ARBIL: Oil exports from Iraq’s autonomous Kurdistan region have fallen to an average of below 30,000 barrels per day (b/d), industry sources said yesterday, a decline likely to worsen tensions between Baghdad and the Kurdish region.
The fall comes at a time of increasing friction between the Kurdish region and the central government in Baghdad, which has withheld payments to oil companies operating in the north as part of a wider dispute over petroleum rights.
Kurdistan has previously halted shipments of its oil in protest over what it said were overdue payments from Baghdad, but the reason for the current decline was not immediately clear. At their highest, Iraqi Kurdish oil exports reached around 200,000b/d.

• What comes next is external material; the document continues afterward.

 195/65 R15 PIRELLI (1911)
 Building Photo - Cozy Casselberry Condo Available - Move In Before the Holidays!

“Exports are much lower than 30,000 now,” said one industry source on condition of anonymity.
Comment from the Kurdish ministry of natural resources was not immediately available.

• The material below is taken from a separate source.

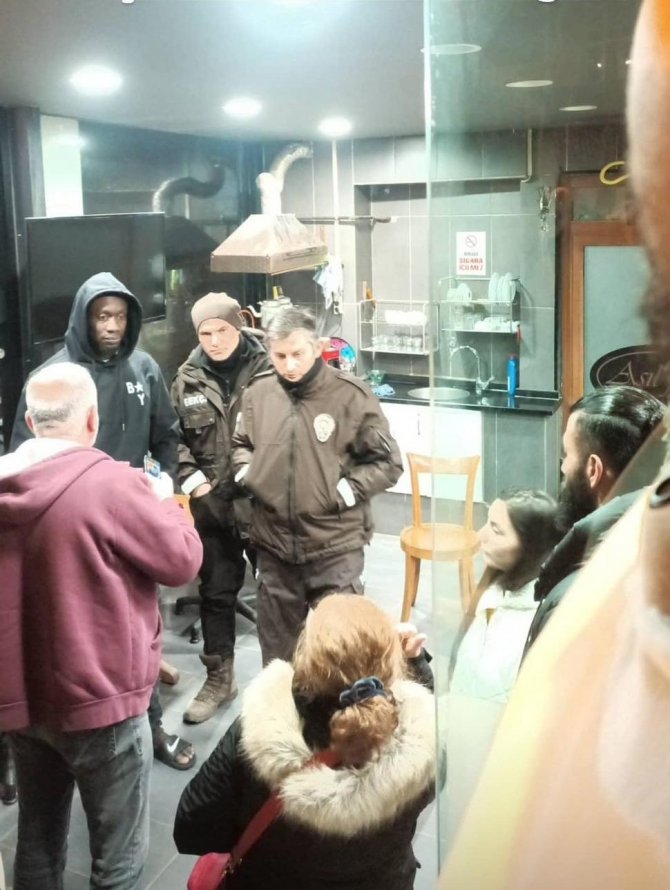 Mbaye Diagne’nin Şoförü Otomobilini Kaçırdı, Diagne Fırına Sığındı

Last week, Kurdish crude flow was cut by around 75,000 barrels per day due to a technical problem at the Khurmala oilfield, Iraqi oil sources said. That followed an earlier reduction to 100,000b/d.

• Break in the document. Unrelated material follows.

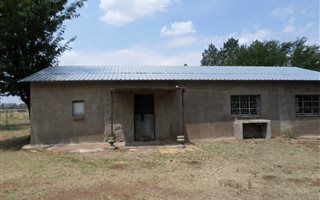 40.5 ha Farm in Valley Settlements AH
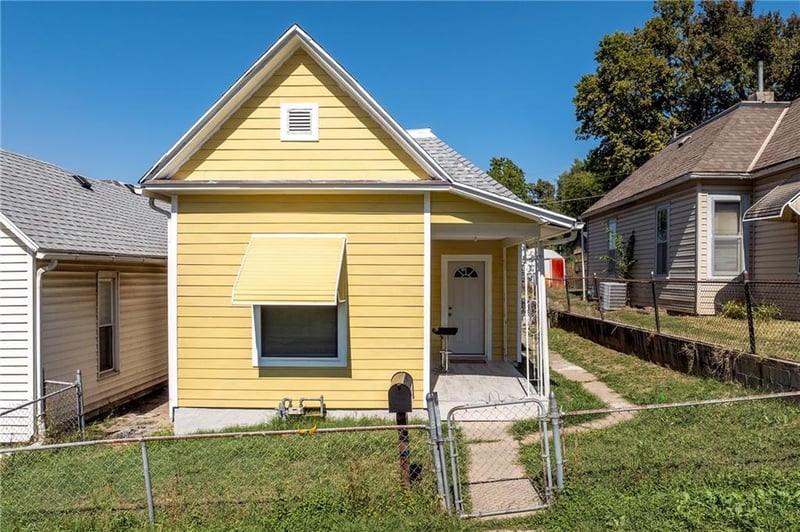 205 Kansas Ave, St Joseph, MO 64504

In October, the Kurds agreed to export 250,000b/d in 2013 if Baghdad paid operators in the region. An initial sum of $650m was transferred by Baghdad to the Kurdistan regional government (KRG) in October, but a subsequent payment has not yet been made.
Baghdad rejects the deals signed between Kurdistan and oil companies including Exxon Mobil, Chevron and Total as illegal and has blacklisted some that have ventured into the northern region.
Kurdistan says its right to grant contracts to foreign companies is enshrined in the Iraqi constitution, which was drawn up following the 2003 invasion that ousted Sunni dictator Saddam Hussein.
The oil payment dispute is part of a broader debate between Baghdad and Kurdistan over control of oil and territories which is straining Iraq’s uneasy federal union one year after US troops left.